● EXTRACTED DATA
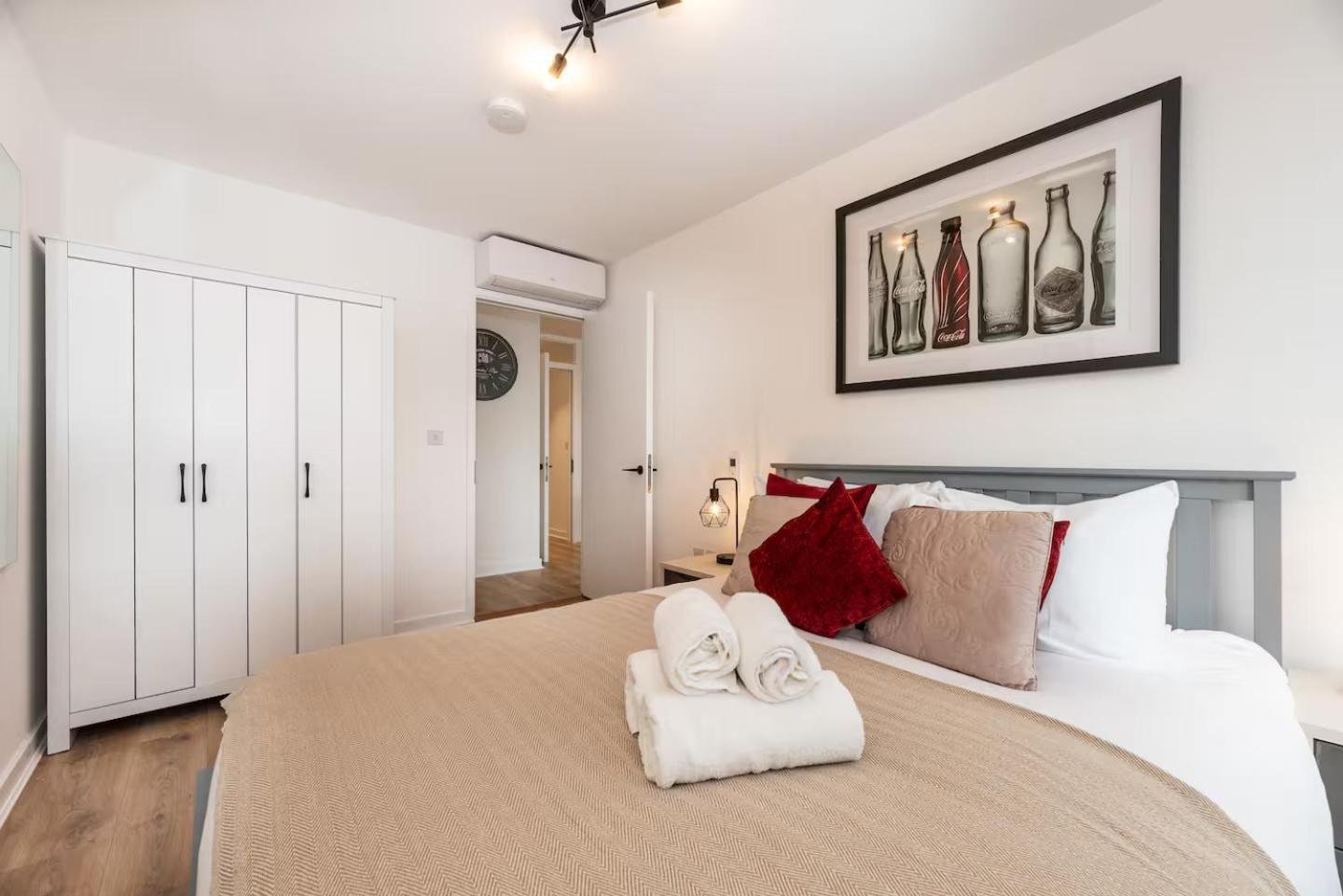 Bright 3 Bed 2 Bath With Air Con In Clerkenwell Pass The Keys * London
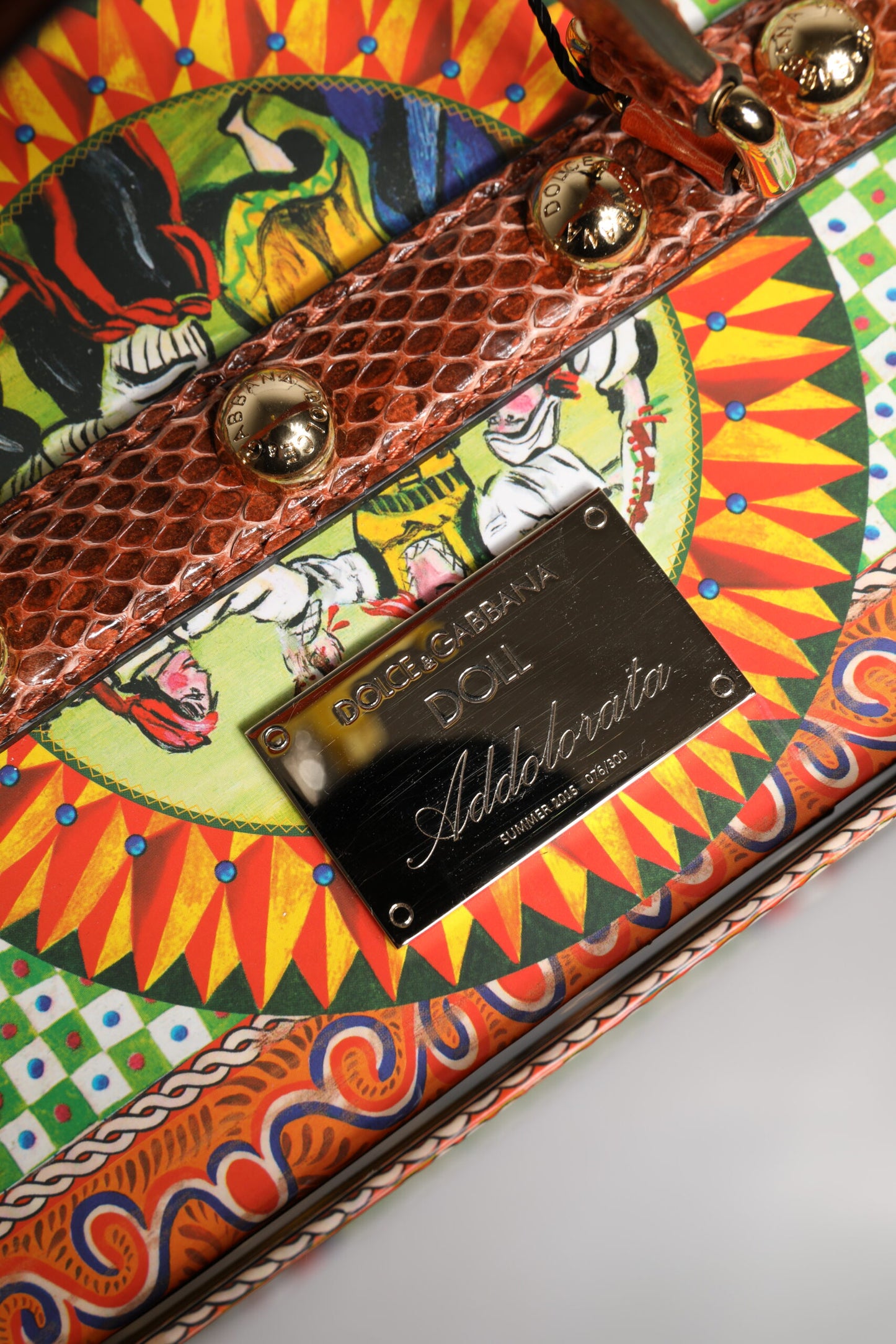 Poupées Dolce &amp; Gabbana en céramique, porcelaine, cuir et robe noire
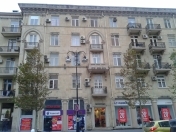 İcarəyə verilir 2 otaqlı 240 m2 obyekt İçəri Şəhər m.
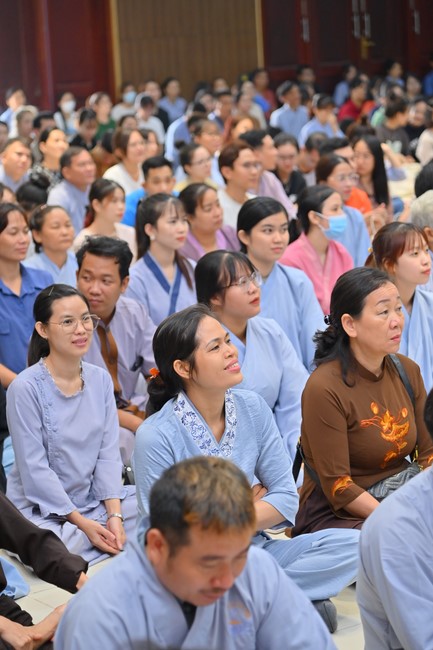 Visit and preach a Dharma talk at Hoang Phap pagoda of Ven. Pomnyun Sunim and Sr Giac Le Hieu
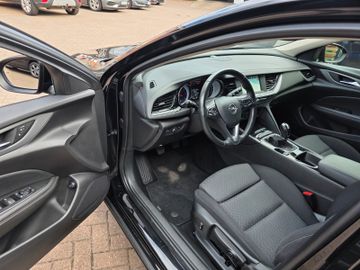 Bild 4 Opel Insignia B Sports Tourer Edition 2.0 D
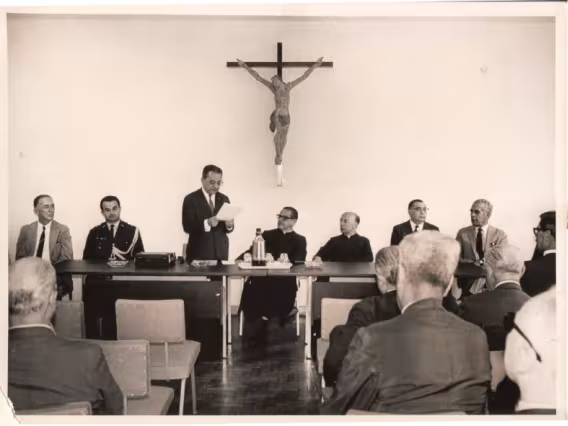 Posse de Garrido Torres como primeiro Vice-reitor de Desenvolvimento. 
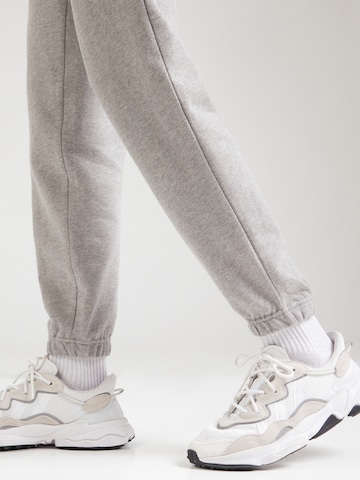 Tapered Pantaloni di JACK & JONES in grigio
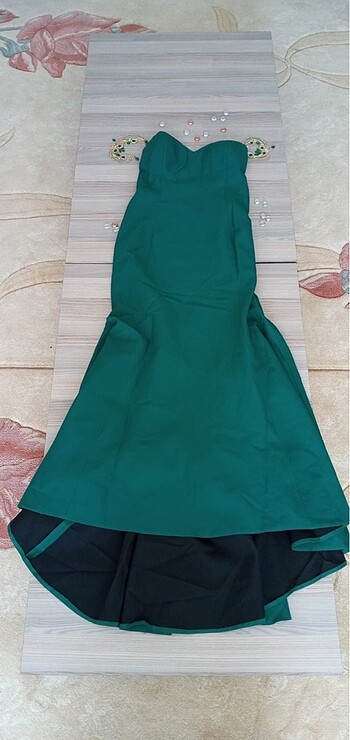 Diğer Zümrüt yeşili kuyruklu sırt dekolteli straplez abiye elbise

● PROBLEM
In the records above, find the line that contains "Visit and preach" and repeat exactly that line and all lines after it to the end. Do not include pictures.

● RESPONSE BELOW
 Visit and preach a Dharma talk at Hoang Phap pagoda of Ven. Pomnyun Sunim and Sr Giac Le Hieu
 Bild 4 Opel Insignia B Sports Tourer Edition 2.0 D
 Posse de Garrido Torres como primeiro Vice-reitor de Desenvolvimento. 
 Tapered Pantaloni di JACK & JONES in grigio
 Diğer Zümrüt yeşili kuyruklu sırt dekolteli straplez abiye elbise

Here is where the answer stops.